The Missed Risk In My First Consulting Gig: My Own Boundaries
I missed a critical risk in my first consulting gig: my own lack of boundaries. How free work taught me why scope matters more than contracts.
Disclaimer: This post is a personal reflection and does not constitute legal advice. Every situation is different — if you need legal advice, speak to a qualified lawyer.
In my last blog post, I wrote about my first consulting gig: a small service business with an ambitious Scope of Work, decent Terms and Conditions but with liability completely out of proportion to the fee. That piece focused on the business risk.
Today I’m going to talk about my own risk.
Underneath my advice, there was a solid lesson for me: I didn't scope my own work. I was so happy to have something to do that I ignored my usual boundaries.
Happy to have work, so I skipped the basics
Context matters. I was out of work. My identity for years had been “busy, in demand, on big deals”. Then suddenly I was at home, thinking about portfolio work, writing, posting on LinkedIn, trying to work out what was next.
So when a friend asked if I could help a small business with their T&Cs, I jumped. I told myself it was straightforward: one pass, one round of comments, a lunch and a testimonial in return. I even spotted that the client’s Scope of Work was too aspirational for the tiny fee they were charging.
The irony is obvious in hindsight. I was criticising their lack of boundaries while having none of my own.
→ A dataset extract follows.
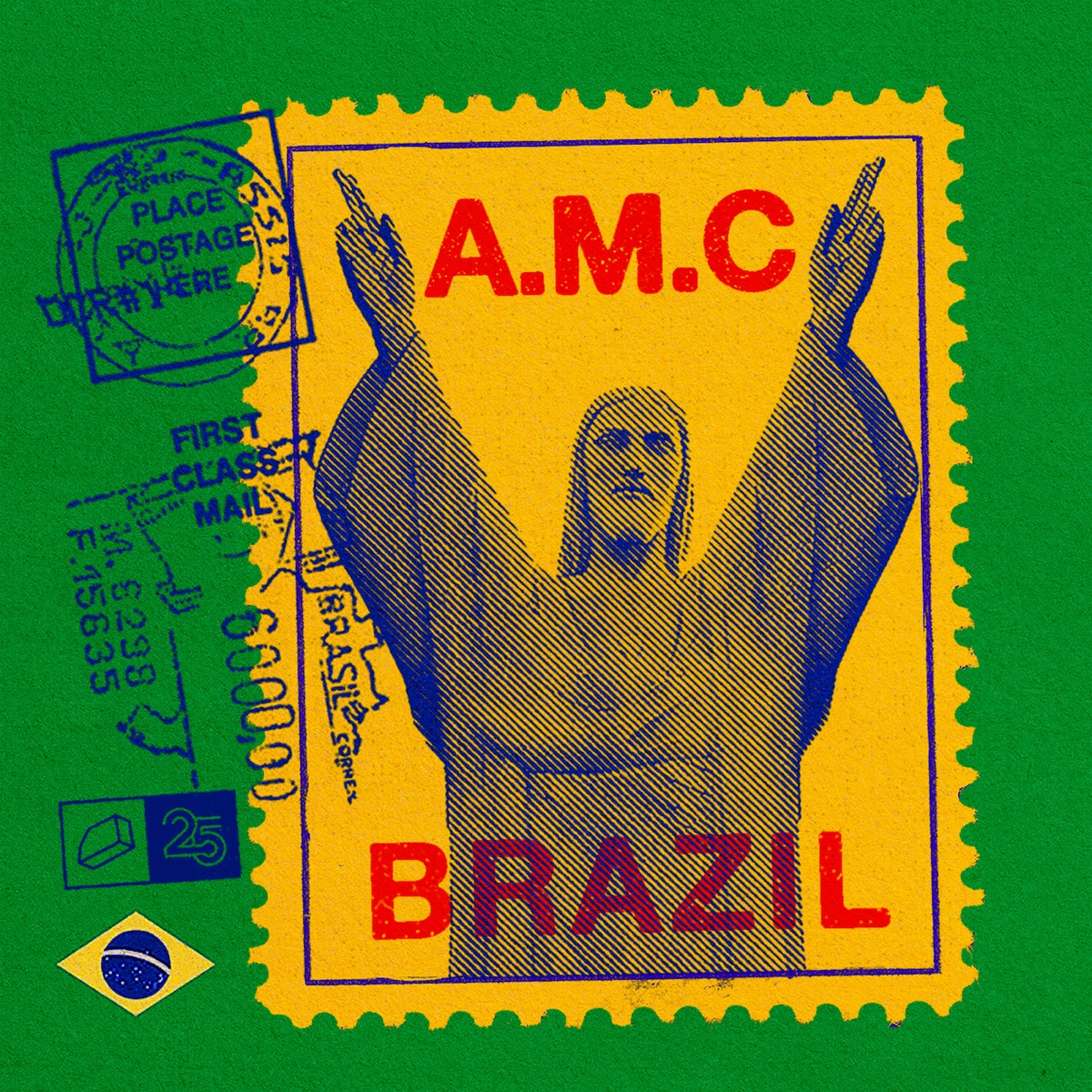 Brazil - Single by A.M.C album cover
The “one pass” turned into multiple rounds of tracked changes, back and forth on wording and several sets of “quick questions” that were anything but. The clients were polite and genuinely appreciative. The problem was not them. It was me.
Why free work needs stricter boundaries than paid work
When I was a law firm partner, scoping was automatic. What is included, what is out of scope, who is doing what, how far we go before there is a new fee discussion. We would not start without that. With this pro bono job, I dropped all of it. I was just glad someone wanted my help and I did not want to push back.
That combination is dangerous. You want to be useful. You are flattered to be asked. You tell yourself “it is only a few hours”. So you let the scope drift and only realise how much time you have given away when you start to feel resentful.
The problem wasn’t the free work. The problem was the unbounded free work.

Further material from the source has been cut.